Malware is malicious software that is intended to damage or disable computer systems and data. Ransomware is a type of malware that encrypts your data and provides you an opportunity to pay for it to be unencrypted (usually through a facilitated bitcoin transaction) by a certain time, or else it is deleted forever.
Phishing, meanwhile, is the act of obtaining sensitive information such as usernames, passwords, and credit card numbers, or receiving money, by disguising as a trustworthy entity or individual. Remember all those Nigerian princes who want to transfer you cash, if only you help with their legal fees? Or the bank that sends you an e-mail with a link to a website that looks exactly like theirs, requesting you to log in? These are prime examples of phishing scams. The rule of thumb is that if it seems suspicious or sounds too good to be true, it likely is.
What would be the potential impact to my business if I had a cybersecurity breach?
The impact to your organization can vary significantly depending on the scope of the breach and what type of information is compromised. Besides operational impact, financial loss, reputational damage, and even legal proceedings are also possible. Class action lawsuits are becoming more common in Canada due to cybersecurity breaches. How many customers or suppliers would want to do business with a company that is known to have lost sensitive information? Internationally, cybercrime damages are projected to hit $6 trillion each year by 2021, making cybersecurity one of the fastest growing industries in the world, for good reason.
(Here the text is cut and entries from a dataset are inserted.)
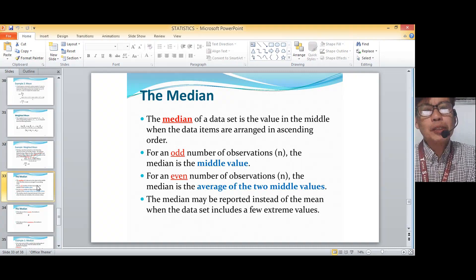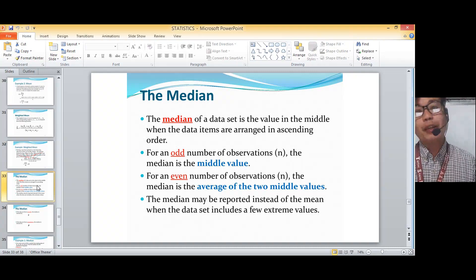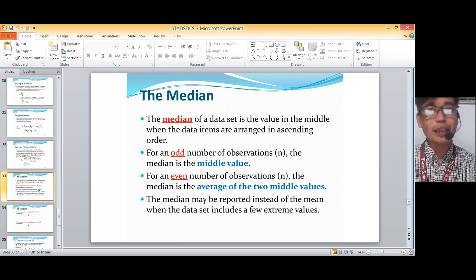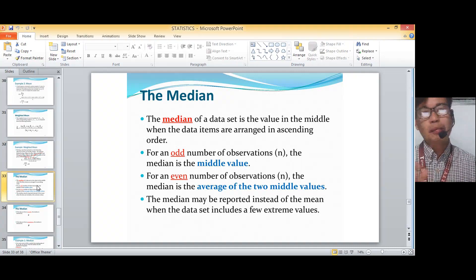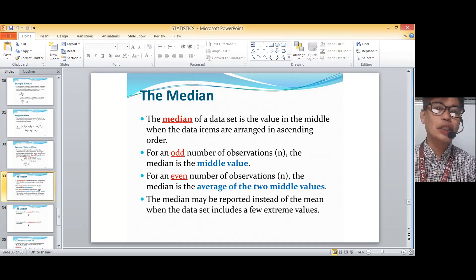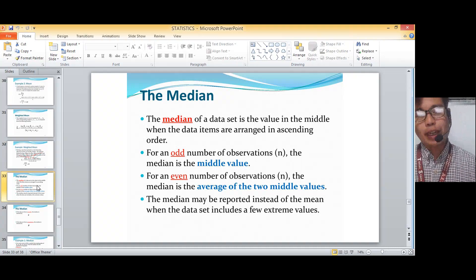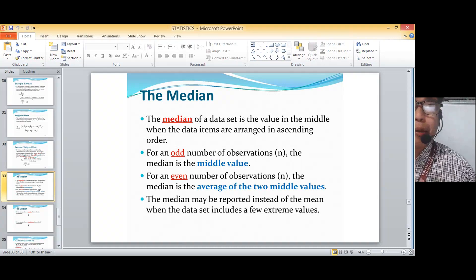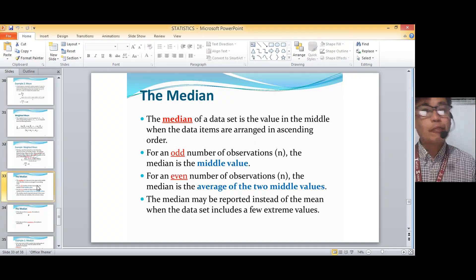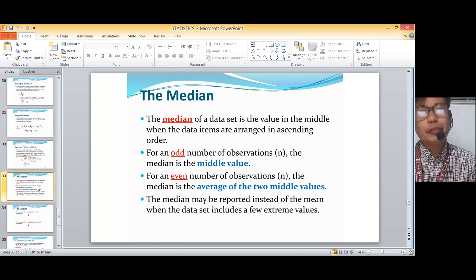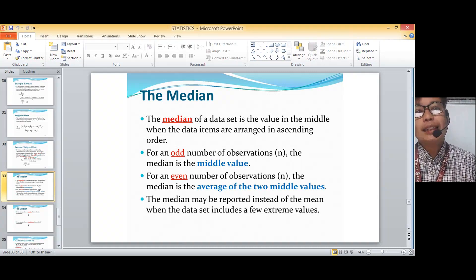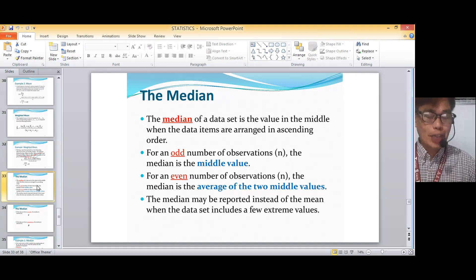For an odd number of observations, the median is the middle value. Remember, the middle value is found after arranging them. So if your sample size is 7, the fourth value is your median. If it's 9, the fifth number is the median. For an even number of observations, the median is the average of the two middle values.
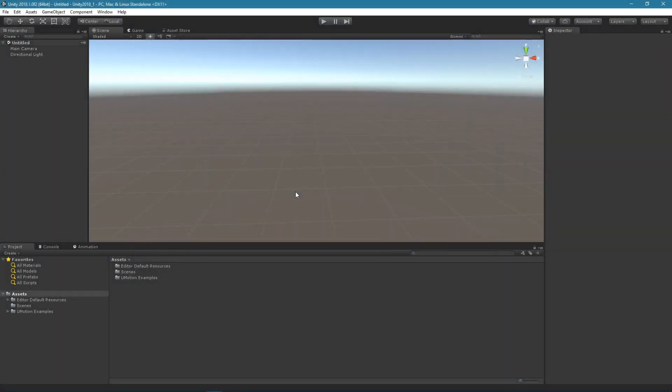Hi, my name is Peter. I'm the developer of U-Motion. This quick start tutorial will give you a rough overview of U-Motion's functionality.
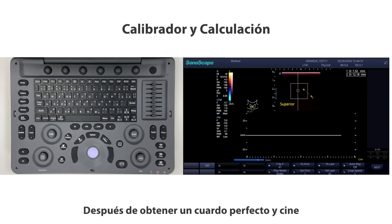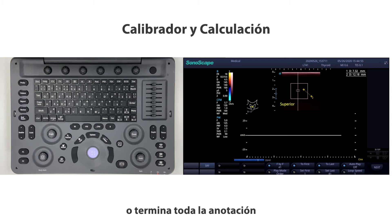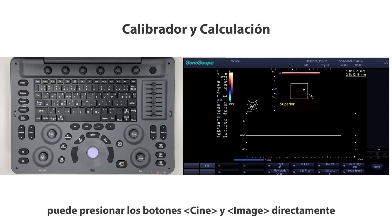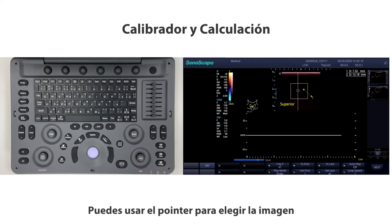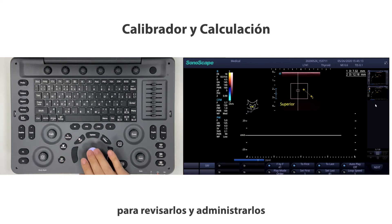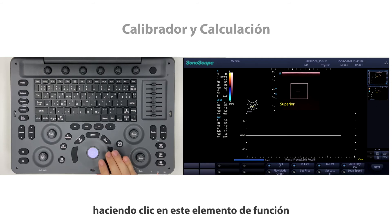After you get a perfect frame and cine, or finish all annotation, body mark, and calculation work, press the Cine or Image button directly. The image and cine will be saved in the gallery. You can use the pointer to choose an image to review and manage them by clicking the function item.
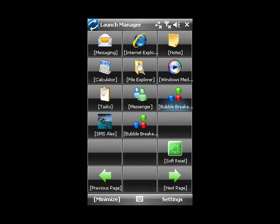Launch Manager is so customizable, it's like designing your own user interface for your device. That's the end of this video. Thank you for watching.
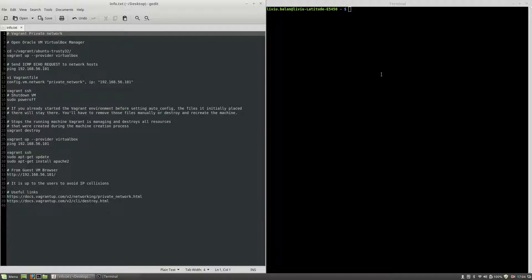Hello, I'm Liviu Balan and today I will speak about Vagrant Private Network. Let's get started.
What are some initial steps I should be taking right now to protect our company?
Regardless of the size or complexity of your organization, there are several immediate steps you can take and incorporate into policy.
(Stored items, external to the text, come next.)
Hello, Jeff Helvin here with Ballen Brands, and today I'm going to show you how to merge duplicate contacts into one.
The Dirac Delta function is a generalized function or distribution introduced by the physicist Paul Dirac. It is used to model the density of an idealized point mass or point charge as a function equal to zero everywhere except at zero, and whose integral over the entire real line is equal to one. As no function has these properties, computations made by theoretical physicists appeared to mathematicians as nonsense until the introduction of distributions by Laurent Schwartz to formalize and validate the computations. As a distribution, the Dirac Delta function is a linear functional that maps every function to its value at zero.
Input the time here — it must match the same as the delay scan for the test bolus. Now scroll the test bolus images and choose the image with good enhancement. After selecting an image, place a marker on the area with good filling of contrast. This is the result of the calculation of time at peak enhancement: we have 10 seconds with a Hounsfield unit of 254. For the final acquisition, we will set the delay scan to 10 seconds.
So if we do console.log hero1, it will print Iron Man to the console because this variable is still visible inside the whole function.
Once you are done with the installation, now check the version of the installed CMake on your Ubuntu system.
Start by using and enforcing a company-wide protocol for strong passwords. I recommend a minimum of eight characters — mixed lowercase and uppercase, numbers, and special characters. A two-step or two-factor verification process is preferable whenever possible.
Next, ensure all your software and hardware is updated at least once per month. If you haven’t already installed a network firewall and anti-virus software, do so immediately and double-check they are both properly configured and auto-updating.
And finally: Setup your company devices to auto-lock, never add people to your social media profiles that you don’t know or who look suspicious, and allocate the resources to engage a qualified third-party in conducting a security assessment. Understanding your exposure is the first step to being adequately protected.